Tearing-fatigue interactions in 316L(N) austenitic stainless steel

This paper presents the results from a programme of tearing, fatigue and tearing-fatigue tests performed on specimens from a 316L(N) stainless steel plate. All tests were carried out at ambient temperature. The experimental results have been compared with assessments performed using current guidance within the R6 defect assessment method. The work has shown that there is some evidence that fatigue cycling modifies the JR-curve behaviour of this material. In most cases, the data lie approximately 20-30% above the base-line JR-curve. However, whilst there may be a modest influence of fatigue crack growth on the ductile tearing characteristics, it is difficult to separate this from experimental scatter. In tearing-fatigue tests performed at a stress ratio, R=0.2, ductile tearing reduces the fatigue crack growth rates by up to 50%. This is likely to result from the presence of a residual compressive zone at the crack-tip, and increased crack closure due to the irregular and non-matching fracture surfaces generated by the ductile crack growth mechanisms. For R=0.1 tearing-fatigue tests, fatigue crack growth rates are apparently enhanced by a factor up to of 10, particularly during the latter stages of the tests when ΔK>60 MPam. This is likely to result from: (i) loading being in the elastic-plastic regime where the J-integral (rather than K) characterises the crack-tip fields, (ii) increments of ductile tearing which may occur during each fatigue cycle, and (iii) crack blunting which reduces crack closure effects.
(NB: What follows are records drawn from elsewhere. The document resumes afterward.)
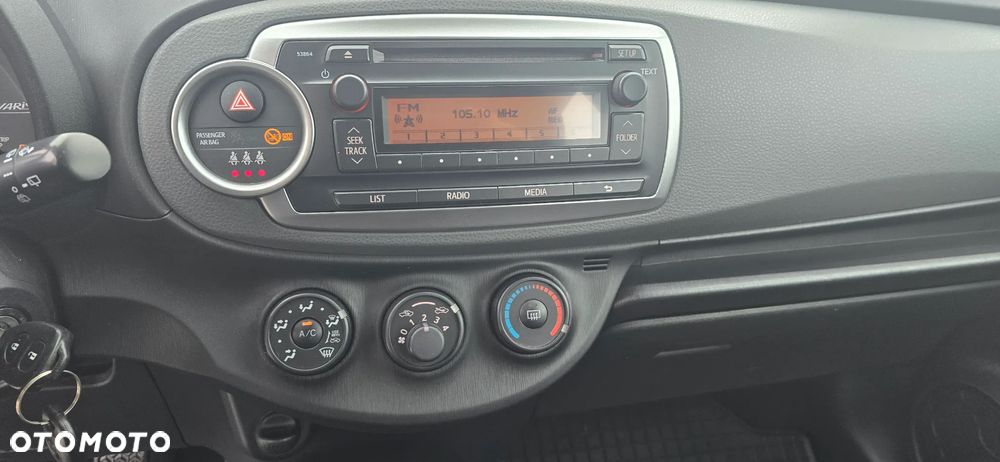 Toyota Yaris 1.0 VVT-i Life - 17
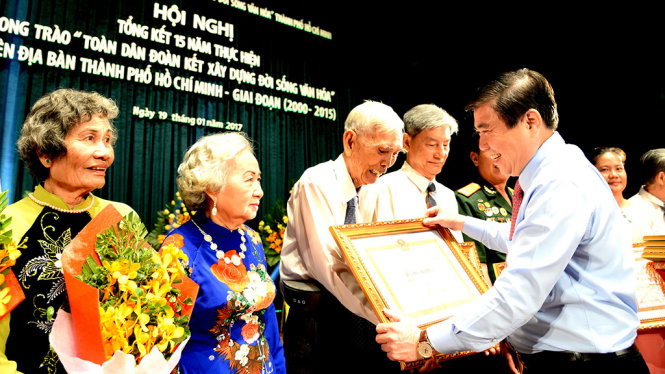 Chủ tịch UBND TP.HCM Nguyễn Thành Phong tặng bằng khen cho các gia đình có thành tích đoáng góp xuất sắc cho phong trào tại Hội nghị 15 năm thực hiện phong trào 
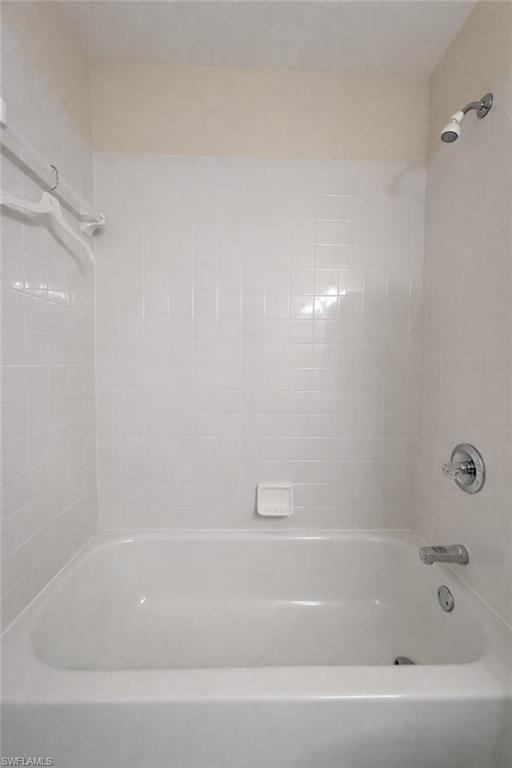 SOUTHPARK WOODS CONDO - Residential Lease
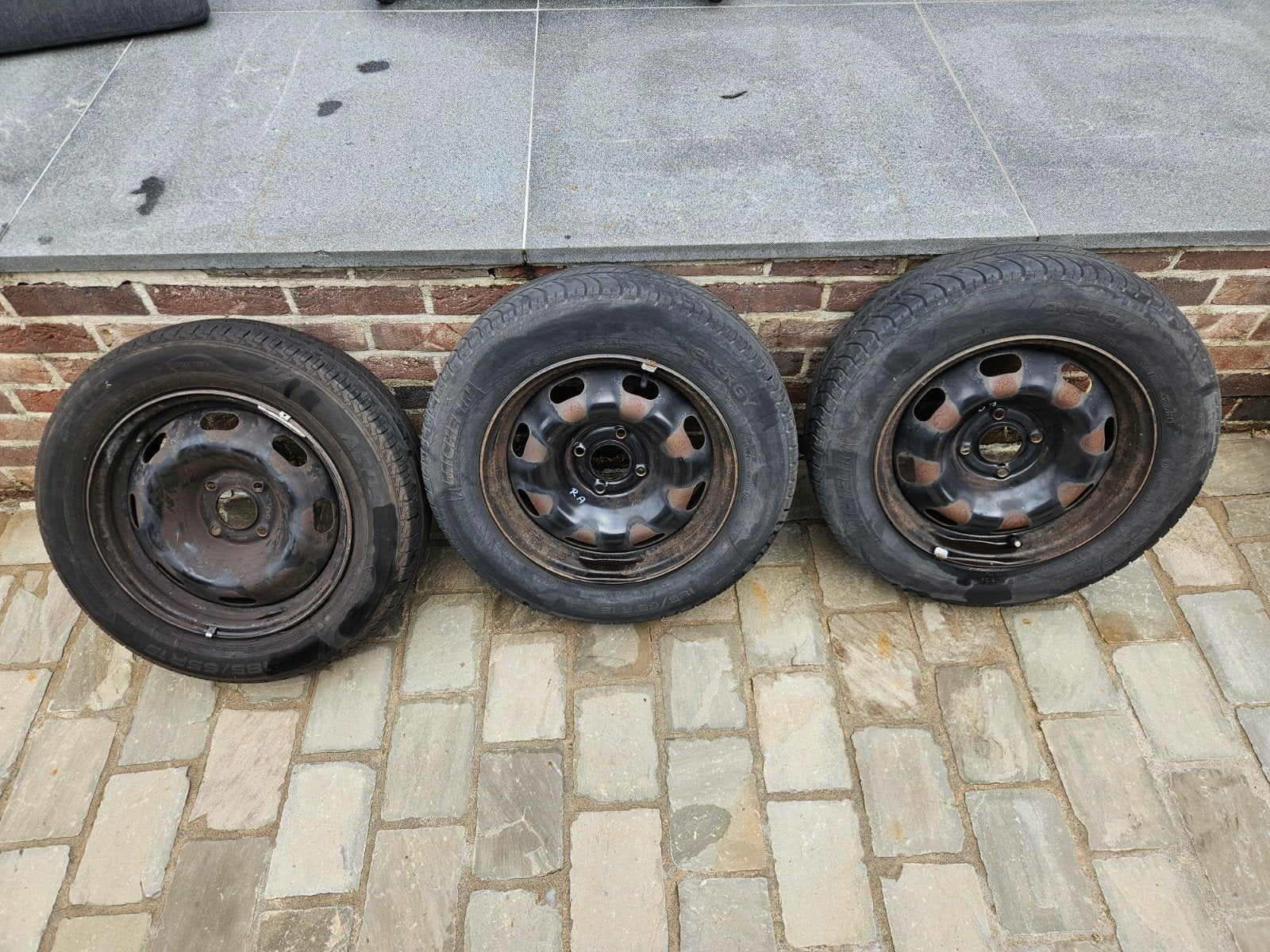 3x gratis stalen 15" velgen Peugeot Citroen, Auto diversen, Autosport-onderdelen, Ophalen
For the R=0.2 tearing-fatigue tests, the linear summation approach described in R6 provides a consistently conservative prediction of ductile, fatigue and total crack growth during the tests. However, for the R=0.1 tearing-fatigue tests, the Paris law under-predicts fatigue crack growth rates. This may be corrected by using the Kaiser equation, which acknowledges loading in the elastic-plastic regime and incorporates incremental growth due to tearing as well as fatigue. R6 provides conservative predictions of instability for the CT specimen geometry tested in the current programme, both in terms of the critical crack growth and load required for instability to occur.